**Assignment**
Write out the entries below exactly, from the first line to the one with "Amorly Embroidery Throw", both ends included.

**Stored data**
*** Block opens ***

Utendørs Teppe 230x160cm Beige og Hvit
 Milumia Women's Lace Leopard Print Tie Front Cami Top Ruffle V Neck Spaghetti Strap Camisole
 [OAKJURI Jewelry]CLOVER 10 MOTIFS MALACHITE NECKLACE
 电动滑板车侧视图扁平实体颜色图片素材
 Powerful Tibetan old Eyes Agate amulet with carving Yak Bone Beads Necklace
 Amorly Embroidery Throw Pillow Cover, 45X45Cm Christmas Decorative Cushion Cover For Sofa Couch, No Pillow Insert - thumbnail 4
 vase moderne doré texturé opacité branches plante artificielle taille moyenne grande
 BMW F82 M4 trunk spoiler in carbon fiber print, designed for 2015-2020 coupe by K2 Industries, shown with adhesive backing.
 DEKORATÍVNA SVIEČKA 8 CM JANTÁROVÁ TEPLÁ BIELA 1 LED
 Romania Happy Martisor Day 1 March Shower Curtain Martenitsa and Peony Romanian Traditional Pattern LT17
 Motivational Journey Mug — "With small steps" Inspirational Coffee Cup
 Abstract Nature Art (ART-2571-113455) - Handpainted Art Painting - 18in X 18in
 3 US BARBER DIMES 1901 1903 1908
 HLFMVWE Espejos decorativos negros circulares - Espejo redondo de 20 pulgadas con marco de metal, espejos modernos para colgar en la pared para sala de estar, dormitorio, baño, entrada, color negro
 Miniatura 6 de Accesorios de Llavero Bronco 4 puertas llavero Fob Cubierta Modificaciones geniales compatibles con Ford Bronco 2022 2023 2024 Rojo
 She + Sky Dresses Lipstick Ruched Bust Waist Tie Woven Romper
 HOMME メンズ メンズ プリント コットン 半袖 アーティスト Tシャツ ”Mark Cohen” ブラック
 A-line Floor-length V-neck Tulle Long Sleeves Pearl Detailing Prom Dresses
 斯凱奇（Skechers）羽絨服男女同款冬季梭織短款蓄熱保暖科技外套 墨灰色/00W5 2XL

*** Block closes ***

**Task output**
Utendørs Teppe 230x160cm Beige og Hvit
 Milumia Women's Lace Leopard Print Tie Front Cami Top Ruffle V Neck Spaghetti Strap Camisole
 [OAKJURI Jewelry]CLOVER 10 MOTIFS MALACHITE NECKLACE
 电动滑板车侧视图扁平实体颜色图片素材
 Powerful Tibetan old Eyes Agate amulet with carving Yak Bone Beads Necklace
 Amorly Embroidery Throw Pillow Cover, 45X45Cm Christmas Decorative Cushion Cover For Sofa Couch, No Pillow Insert - thumbnail 4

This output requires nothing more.